Sol Cesto, Steam’s most exciting new roguelike, is one of 2026’s best


Back in January, I called Sol Cesto “my first favorite game of 2026.” The visually arresting roguelike launched in early access last May, but I discovered it right as the new year was beginning. It instantly blew me away. I became so obsessed with it that I eventually had to put it down or else I’d risk burning myself out on it before its 1.0 release. Thankfully, I didn’t have to abandon it for long. The full version of Sol Cesto is out now on Windows PC, so now I can formally submit that it’s the most hypnotizing game I’ve played so far this year.

Sol Cesto isn’t your typical dungeon crawling roguelike. Well, actually it is, but it brilliantly deconstructs the genre into something unrecognizable. Set in a world where the sun has vanished, you select a hero and take them on a trip underground to find the lost star. You’ll survive floor after floor, slaying monsters, opening treasure chests, and finding passive buffs that let you rebuild your character’s stats. Simple enough, right?

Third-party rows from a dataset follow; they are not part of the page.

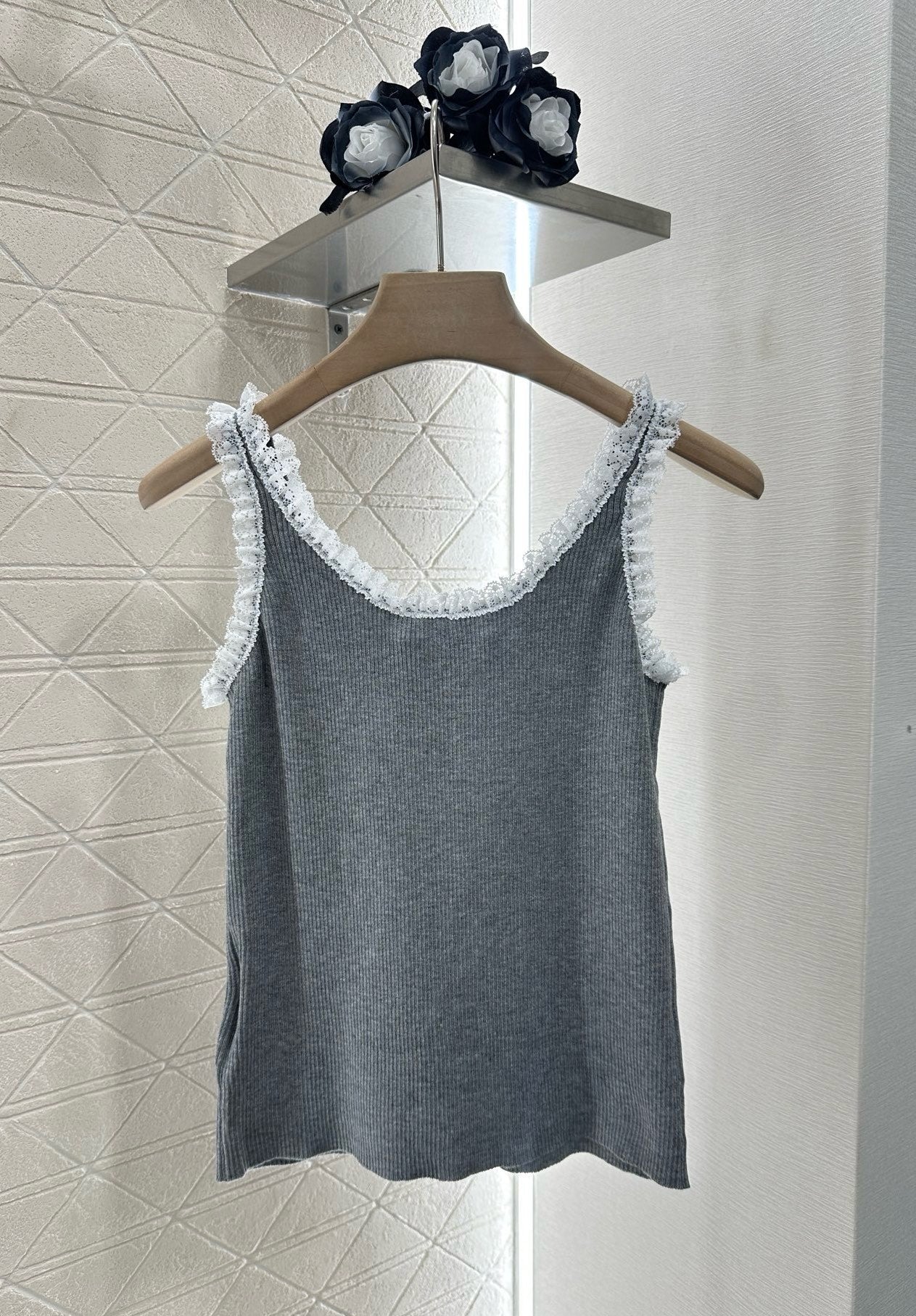 25ss lace vest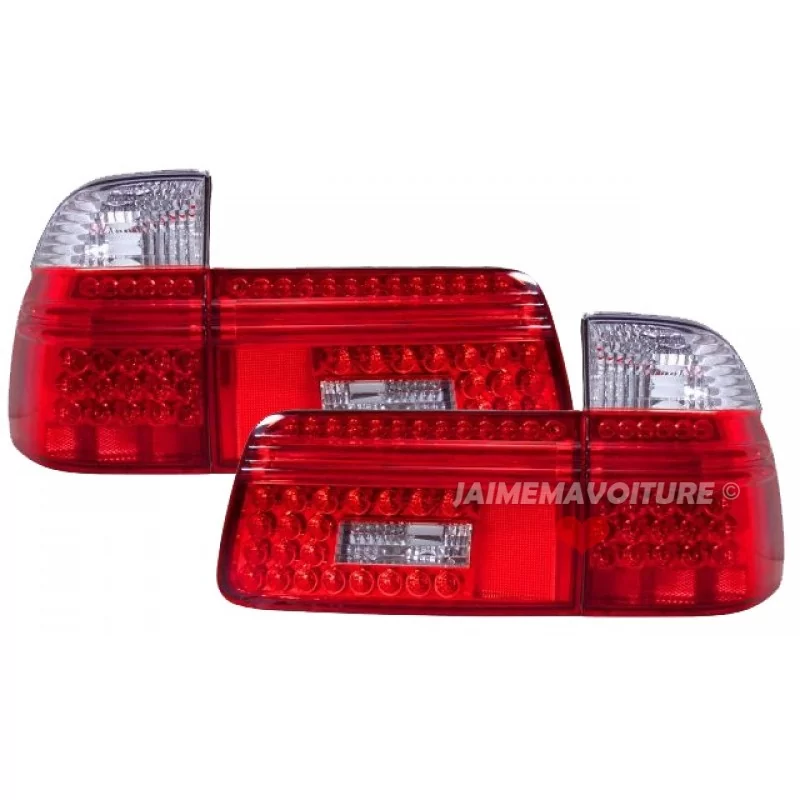 BMW Serie 5 E39 Touring rot weiße LED Rückleuchten BMW Serie 5 E39 Touring rot weiße LED Rückleuchten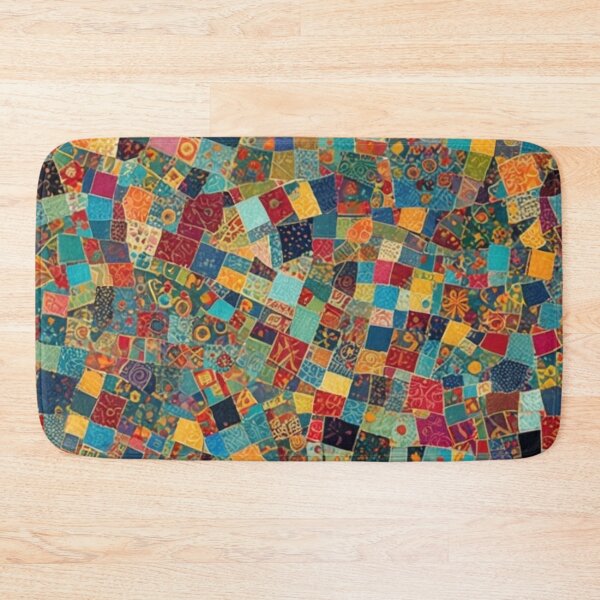 Item preview, Abstract Colorful Patchwork Quilt Pattern designed and sold by calibrit.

Whatever you’re picturing it looks like is most certainly not what Sol Cesto is. Each dungeon floor is presented as a grid with four rows and four columns. There’s either a monster, trap, chest, or healing strawberry inside each box. To unlock the exit and get to the next floor, you need to clear a certain number of boxes by clicking into them. The catch, however, is that you can’t choose which boxes you want to interact with; you have to click on a row. Luck takes the wheel at that point, because your character will move to one of the four boxes in that row at random, with a 25% chance to hit each. If you click on a row that contains two enemies and two treasure chests, you’ll have a 50% chance of landing on a square that gives you gold or a 50% chance of landing on an enemy that deals damage to you.

It’s a video game risk-reward system boiled down to its essence. Every move you make is a gamble shown to you in percentages. You need to clear a certain amount of boxes to proceed, so you’re forced to make some risky clicks. It sounds like a frustrating game of chance, but it’s engrossing and contains some surprising strategic depth. If there’s a row with a healing item, I might decide to take my chances on a risky floor full of enemies first in case I take damage that I can heal back when I circle back to get that item. Do I get greedy and go for an extra treasure chest after the exit opens? A 75% chance to get gold is a safe enough bet, right?

Where Sol Cesto really gets hard to put down is how it twists that idea with buildcrafting. The further I explore, the more I pick up teeth, which act like passive buffs. They don’t give me fancy powers that change my attacks like in Hades 2; all of them simply alter the odds. One tooth might raise the base chance that I’ll land on a chest, but lower my chances of landing on a strawberry too. Or one could raise the likelihood that I’ll land on a monster that does physical damage, while lowering my chances of landing on a magic attacker. Each character has a different resistance level to those two damage types, and they can be tweaked during a run.